| EXERCISE DIRECTIONS |
Output the data word for word, dropping every image.

| Short text fragments from websites |
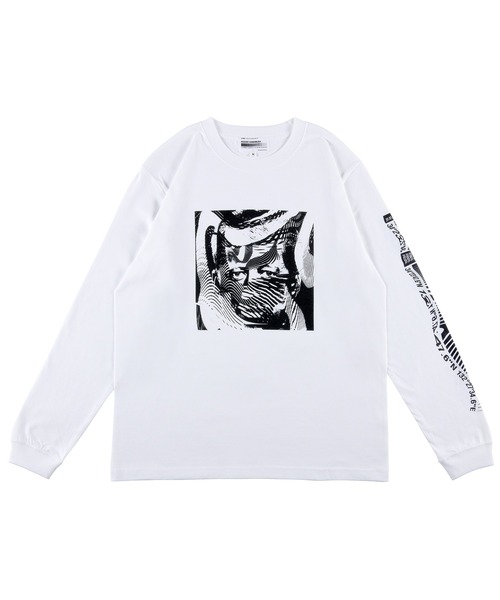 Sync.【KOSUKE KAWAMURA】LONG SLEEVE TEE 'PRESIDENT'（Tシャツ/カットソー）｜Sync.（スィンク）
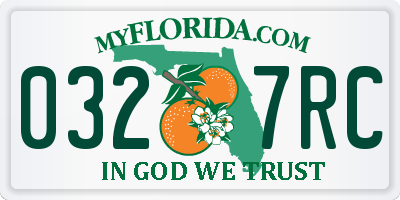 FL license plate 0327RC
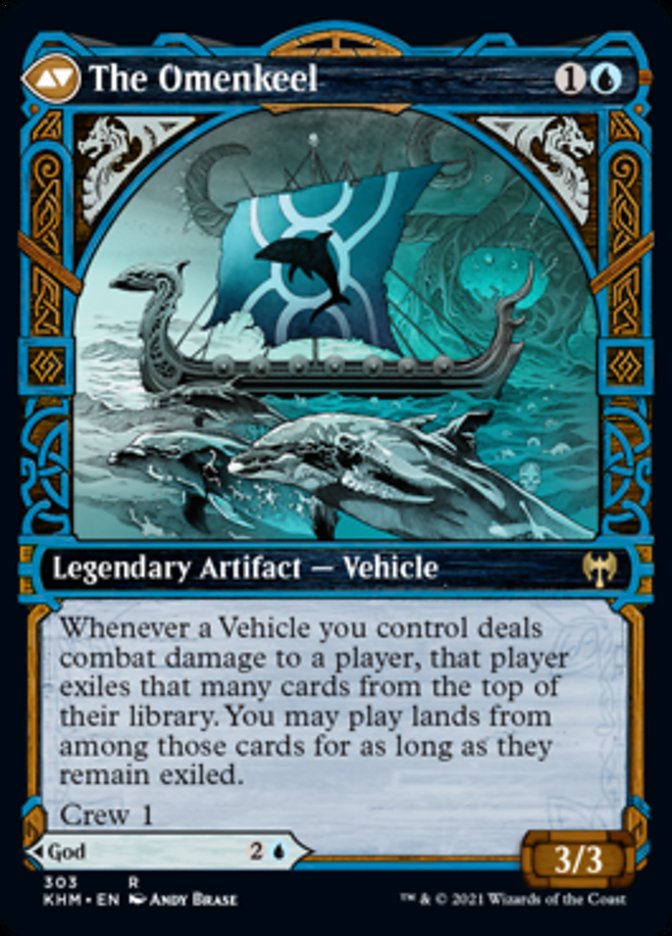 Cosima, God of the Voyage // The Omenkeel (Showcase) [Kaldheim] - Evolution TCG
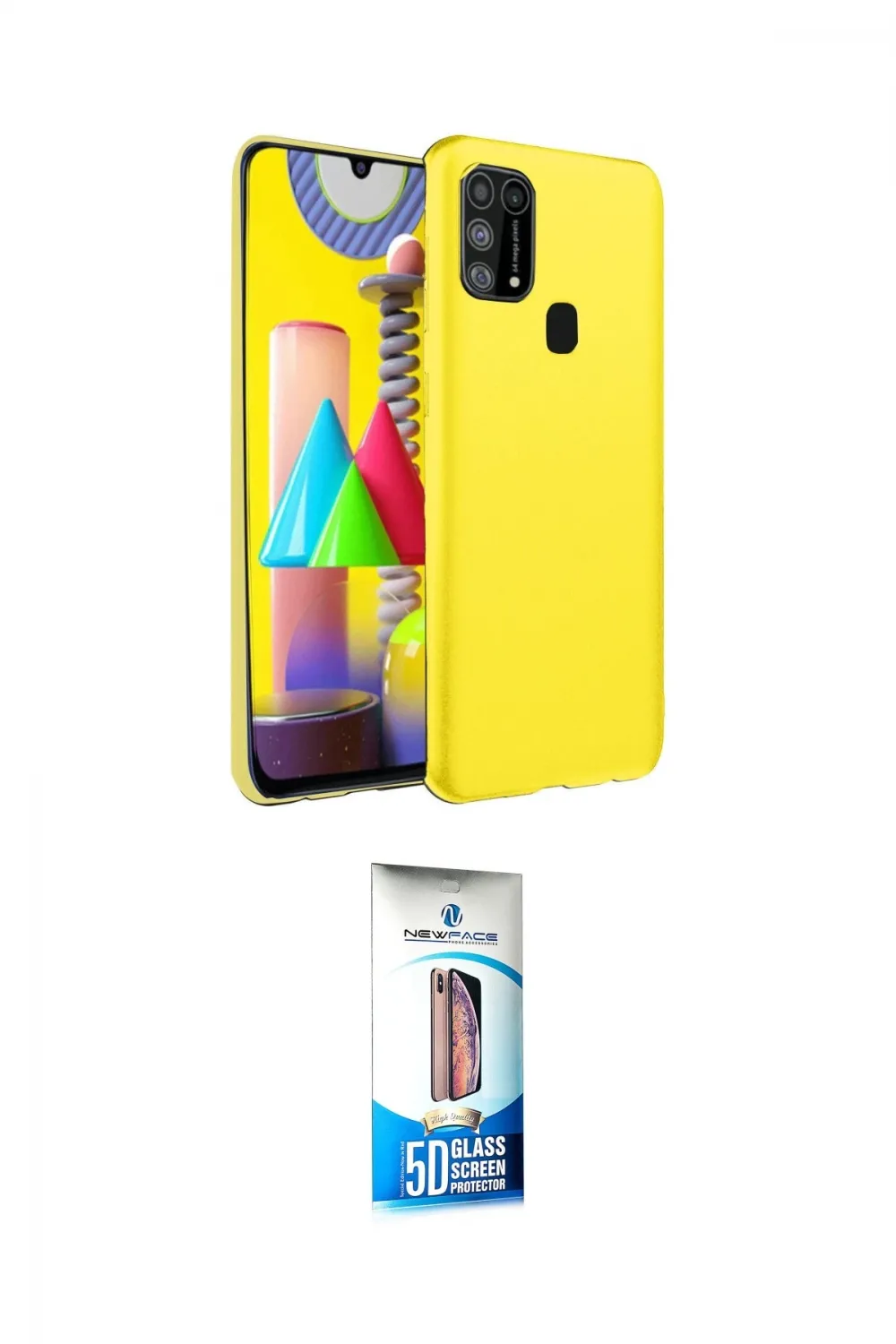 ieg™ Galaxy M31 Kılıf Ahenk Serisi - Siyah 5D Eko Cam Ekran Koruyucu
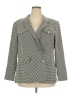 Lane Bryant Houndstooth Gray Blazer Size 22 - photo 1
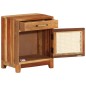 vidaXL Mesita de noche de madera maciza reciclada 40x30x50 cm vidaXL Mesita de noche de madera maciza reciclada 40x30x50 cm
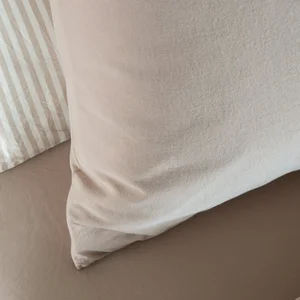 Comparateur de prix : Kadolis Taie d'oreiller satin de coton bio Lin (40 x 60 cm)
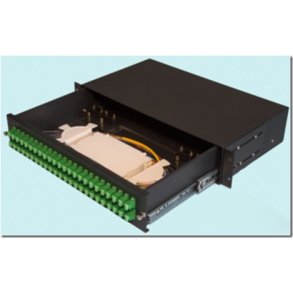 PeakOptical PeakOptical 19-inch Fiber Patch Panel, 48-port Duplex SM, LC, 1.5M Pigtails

| RESPONSE AREA |
 Sync.【KOSUKE KAWAMURA】LONG SLEEVE TEE 'PRESIDENT'（Tシャツ/カットソー）｜Sync.（スィンク）
 FL license plate 0327RC
 Cosima, God of the Voyage // The Omenkeel (Showcase) [Kaldheim] - Evolution TCG
 ieg™ Galaxy M31 Kılıf Ahenk Serisi - Siyah 5D Eko Cam Ekran Koruyucu
 Lane Bryant Houndstooth Gray Blazer Size 22 - photo 1
 vidaXL Mesita de noche de madera maciza reciclada 40x30x50 cm vidaXL Mesita de noche de madera maciza reciclada 40x30x50 cm
 Comparateur de prix : Kadolis Taie d'oreiller satin de coton bio Lin (40 x 60 cm)
 PeakOptical PeakOptical 19-inch Fiber Patch Panel, 48-port Duplex SM, LC, 1.5M Pigtails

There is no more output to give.